During this week, places that are connected with her – as well as some that are more suspect – such as her home in Chawton, Bath, Winchester, where she is buried and Alton where she grew up have events and exhibitions to encourage us to visit them. There is even an unconnected summer camp in Connecticut and a programme at the University of North Carolina that coincides with the week.

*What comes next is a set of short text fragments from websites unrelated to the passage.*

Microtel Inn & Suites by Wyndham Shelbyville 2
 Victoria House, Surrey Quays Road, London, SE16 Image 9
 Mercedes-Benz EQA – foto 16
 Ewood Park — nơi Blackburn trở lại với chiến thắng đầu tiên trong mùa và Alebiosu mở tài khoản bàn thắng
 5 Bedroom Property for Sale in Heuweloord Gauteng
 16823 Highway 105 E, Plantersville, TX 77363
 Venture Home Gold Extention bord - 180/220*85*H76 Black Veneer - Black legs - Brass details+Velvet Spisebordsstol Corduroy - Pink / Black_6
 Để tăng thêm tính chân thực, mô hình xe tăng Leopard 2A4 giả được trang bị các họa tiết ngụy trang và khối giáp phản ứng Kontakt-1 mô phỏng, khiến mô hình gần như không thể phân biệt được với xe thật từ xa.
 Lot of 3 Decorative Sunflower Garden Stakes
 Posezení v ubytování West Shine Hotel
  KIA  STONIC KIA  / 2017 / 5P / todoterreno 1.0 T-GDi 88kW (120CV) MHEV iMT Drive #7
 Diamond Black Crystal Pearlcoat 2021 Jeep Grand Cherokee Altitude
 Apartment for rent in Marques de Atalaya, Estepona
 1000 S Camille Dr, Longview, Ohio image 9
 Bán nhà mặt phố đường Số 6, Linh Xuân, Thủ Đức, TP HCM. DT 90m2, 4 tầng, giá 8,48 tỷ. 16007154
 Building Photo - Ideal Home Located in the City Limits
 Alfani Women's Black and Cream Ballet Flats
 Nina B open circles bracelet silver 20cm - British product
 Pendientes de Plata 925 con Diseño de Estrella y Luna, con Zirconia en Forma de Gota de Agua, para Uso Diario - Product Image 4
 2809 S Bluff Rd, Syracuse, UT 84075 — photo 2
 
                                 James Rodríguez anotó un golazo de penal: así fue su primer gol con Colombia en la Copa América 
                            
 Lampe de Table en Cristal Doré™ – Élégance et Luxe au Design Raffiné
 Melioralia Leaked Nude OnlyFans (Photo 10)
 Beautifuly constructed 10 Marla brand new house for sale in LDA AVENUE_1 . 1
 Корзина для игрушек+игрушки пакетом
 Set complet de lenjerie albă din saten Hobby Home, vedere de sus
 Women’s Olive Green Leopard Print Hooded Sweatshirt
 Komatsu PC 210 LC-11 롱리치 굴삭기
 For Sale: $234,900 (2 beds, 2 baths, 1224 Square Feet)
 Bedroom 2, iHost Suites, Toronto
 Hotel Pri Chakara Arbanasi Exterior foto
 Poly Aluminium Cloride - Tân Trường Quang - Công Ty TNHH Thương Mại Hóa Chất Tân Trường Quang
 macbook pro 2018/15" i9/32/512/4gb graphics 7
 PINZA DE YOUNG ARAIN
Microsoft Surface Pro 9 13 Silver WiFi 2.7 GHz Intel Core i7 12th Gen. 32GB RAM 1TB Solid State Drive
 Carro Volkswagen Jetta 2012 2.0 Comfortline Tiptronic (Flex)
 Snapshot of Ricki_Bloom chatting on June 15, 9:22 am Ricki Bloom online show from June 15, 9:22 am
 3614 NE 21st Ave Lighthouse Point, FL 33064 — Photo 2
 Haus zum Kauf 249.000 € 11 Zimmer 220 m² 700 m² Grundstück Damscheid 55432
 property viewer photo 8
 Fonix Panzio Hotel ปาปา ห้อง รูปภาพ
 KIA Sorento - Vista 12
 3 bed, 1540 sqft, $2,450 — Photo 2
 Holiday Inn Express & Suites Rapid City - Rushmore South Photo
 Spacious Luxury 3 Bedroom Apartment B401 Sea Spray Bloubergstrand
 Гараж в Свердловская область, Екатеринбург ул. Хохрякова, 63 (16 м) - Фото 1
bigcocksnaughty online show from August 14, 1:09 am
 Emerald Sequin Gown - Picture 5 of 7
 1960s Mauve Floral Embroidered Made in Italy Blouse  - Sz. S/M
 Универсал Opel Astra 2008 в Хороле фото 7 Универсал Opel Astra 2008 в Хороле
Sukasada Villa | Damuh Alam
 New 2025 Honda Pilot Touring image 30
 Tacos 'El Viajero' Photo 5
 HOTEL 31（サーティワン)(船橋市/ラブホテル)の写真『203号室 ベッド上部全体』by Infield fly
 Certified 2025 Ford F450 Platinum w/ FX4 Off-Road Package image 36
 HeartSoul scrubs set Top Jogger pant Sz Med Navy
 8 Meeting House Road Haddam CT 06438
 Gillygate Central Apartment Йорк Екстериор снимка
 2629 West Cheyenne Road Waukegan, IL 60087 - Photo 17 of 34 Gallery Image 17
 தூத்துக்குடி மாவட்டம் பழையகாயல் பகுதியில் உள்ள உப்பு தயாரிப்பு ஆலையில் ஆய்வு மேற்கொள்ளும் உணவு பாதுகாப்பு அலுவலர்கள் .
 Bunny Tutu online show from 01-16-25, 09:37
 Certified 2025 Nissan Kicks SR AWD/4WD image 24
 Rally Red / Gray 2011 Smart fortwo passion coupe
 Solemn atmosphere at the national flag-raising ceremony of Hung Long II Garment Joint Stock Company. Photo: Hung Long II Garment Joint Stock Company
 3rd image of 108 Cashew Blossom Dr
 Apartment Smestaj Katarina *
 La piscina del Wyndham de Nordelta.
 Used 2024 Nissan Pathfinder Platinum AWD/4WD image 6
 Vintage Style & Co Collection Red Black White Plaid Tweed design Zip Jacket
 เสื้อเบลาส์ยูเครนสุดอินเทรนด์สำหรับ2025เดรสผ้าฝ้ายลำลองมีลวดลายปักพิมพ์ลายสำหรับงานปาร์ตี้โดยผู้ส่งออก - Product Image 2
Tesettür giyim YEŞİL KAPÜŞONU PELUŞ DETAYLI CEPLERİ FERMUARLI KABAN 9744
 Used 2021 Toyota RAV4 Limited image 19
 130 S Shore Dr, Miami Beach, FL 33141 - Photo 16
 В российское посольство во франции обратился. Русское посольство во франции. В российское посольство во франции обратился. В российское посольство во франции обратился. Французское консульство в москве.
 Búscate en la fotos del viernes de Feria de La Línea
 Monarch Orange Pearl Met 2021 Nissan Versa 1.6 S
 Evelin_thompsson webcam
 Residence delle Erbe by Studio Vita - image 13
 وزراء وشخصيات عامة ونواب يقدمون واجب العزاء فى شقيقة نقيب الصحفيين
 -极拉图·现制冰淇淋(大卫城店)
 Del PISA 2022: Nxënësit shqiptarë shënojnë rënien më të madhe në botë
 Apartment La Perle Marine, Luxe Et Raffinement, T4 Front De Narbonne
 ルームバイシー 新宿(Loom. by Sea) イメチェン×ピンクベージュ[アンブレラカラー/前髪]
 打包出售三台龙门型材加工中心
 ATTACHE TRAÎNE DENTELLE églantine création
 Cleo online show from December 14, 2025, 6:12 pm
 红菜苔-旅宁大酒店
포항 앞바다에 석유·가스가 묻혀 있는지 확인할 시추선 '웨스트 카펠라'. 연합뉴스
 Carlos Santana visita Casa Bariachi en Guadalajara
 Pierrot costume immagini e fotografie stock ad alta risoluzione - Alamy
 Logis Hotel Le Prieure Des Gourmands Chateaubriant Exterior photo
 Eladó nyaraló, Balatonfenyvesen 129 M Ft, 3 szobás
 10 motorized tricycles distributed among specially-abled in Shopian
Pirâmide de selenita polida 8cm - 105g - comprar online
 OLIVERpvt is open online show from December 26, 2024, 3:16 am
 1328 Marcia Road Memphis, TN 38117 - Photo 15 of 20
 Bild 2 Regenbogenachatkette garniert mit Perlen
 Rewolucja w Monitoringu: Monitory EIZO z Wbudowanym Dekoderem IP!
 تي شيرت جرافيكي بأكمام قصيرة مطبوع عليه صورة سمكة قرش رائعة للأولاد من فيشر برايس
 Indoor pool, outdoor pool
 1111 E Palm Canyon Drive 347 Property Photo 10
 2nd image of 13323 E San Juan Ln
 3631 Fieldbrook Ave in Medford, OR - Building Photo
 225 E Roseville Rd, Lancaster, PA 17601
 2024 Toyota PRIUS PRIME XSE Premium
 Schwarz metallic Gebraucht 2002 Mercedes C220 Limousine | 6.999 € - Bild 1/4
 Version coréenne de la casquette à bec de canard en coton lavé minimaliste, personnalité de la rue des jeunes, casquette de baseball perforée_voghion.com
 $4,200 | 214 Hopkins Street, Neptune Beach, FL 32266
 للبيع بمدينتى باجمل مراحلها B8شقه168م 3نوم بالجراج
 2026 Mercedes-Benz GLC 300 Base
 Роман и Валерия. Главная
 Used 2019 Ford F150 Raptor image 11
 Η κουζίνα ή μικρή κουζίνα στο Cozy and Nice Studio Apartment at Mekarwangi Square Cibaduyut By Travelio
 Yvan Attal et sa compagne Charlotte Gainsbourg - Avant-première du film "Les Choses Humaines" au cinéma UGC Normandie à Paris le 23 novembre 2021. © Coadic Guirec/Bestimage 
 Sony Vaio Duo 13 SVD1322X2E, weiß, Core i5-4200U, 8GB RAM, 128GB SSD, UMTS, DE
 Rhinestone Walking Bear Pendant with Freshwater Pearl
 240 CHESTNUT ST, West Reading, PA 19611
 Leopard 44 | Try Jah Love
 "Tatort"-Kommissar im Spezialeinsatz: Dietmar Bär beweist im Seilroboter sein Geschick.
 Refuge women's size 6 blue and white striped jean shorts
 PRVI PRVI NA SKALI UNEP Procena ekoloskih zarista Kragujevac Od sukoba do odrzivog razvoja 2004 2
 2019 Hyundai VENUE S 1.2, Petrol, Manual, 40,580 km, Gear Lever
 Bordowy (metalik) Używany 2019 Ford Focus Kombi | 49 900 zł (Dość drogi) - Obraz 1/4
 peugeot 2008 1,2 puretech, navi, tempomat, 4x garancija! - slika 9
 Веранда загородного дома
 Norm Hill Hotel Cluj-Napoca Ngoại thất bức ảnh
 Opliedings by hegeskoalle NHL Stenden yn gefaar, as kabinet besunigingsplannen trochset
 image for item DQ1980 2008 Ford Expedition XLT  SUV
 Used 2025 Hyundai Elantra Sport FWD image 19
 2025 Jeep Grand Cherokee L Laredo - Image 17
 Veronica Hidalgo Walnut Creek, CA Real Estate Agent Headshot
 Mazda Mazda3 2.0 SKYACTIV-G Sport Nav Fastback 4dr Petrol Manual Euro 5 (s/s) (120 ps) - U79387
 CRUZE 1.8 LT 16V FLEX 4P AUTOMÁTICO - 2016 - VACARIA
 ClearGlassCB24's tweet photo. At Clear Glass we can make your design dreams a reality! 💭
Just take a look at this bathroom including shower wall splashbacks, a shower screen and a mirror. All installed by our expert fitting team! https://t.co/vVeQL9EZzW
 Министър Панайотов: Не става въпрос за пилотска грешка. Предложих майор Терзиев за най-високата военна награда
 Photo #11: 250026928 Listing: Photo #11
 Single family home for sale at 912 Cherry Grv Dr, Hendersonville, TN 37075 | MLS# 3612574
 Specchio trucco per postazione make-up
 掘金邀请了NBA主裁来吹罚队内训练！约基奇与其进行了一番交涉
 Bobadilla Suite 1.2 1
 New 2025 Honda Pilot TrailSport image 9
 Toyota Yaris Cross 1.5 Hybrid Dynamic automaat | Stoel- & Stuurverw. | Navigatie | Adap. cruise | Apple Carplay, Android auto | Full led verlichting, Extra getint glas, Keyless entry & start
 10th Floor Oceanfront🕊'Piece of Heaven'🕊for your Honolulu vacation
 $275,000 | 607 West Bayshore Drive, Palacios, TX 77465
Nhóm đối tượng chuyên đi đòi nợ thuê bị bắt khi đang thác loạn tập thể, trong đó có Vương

This year coincides with the 200th anniversary of Pride and Prejusdice as well so it isn’t surprising that the novel is being performed at a play at various theatres. There are open air versions in Regent’s Park in London and Cornwall, Enniskillen, Leeds and Bantry in Ireland whilst other versions are in places such as Wellington in New Zealand. There are big celebrations in the Netherlands (mostly in Amsterdam) and Louisville in Kentucky next month, Sydney and Canberra in Australia and even a learned gathering in Mexico City. Such is the world-wide appeal of Jane Austen.

Her small writing table

Chawton may well be the place that is most connected given that her house there, the house where she wrote Mansfield Park, Emma, Persuasion and revised Pride and Prejudice, Sense and Sensibility and Northanger Abbey. Today the house is a museum and you can see her table – not even a desk – which she must have spent hours at writing not only her books but hundreds of letters, the lesser-known works and poems and attending to daily domestic work. The table is small, almost like a side table yet here, all those thousands of pages were written and characters worked and re-worked. The house isn’t large either and it isn’t jam packed with items but it does show that what life might have been like for middle-class lesser gentry in the early nineteenth century. It makes a change from visiting stately homes and even those of important historic people such as General Wolfe’s Quebec House and Kipling’s Batemans which are larger and grander..

the kitchen in the house

You almost feel that this house is one more akin to life today in terms of its size. And it’s a chocolate box type of house which also adds to its attraction

Given the interest in Austen, this regency week celebration and all the others planned over the next four years linked to the publication of her books and her death in July 1817 means there will be visitor attractions lining up to persuade us to spend a day with them.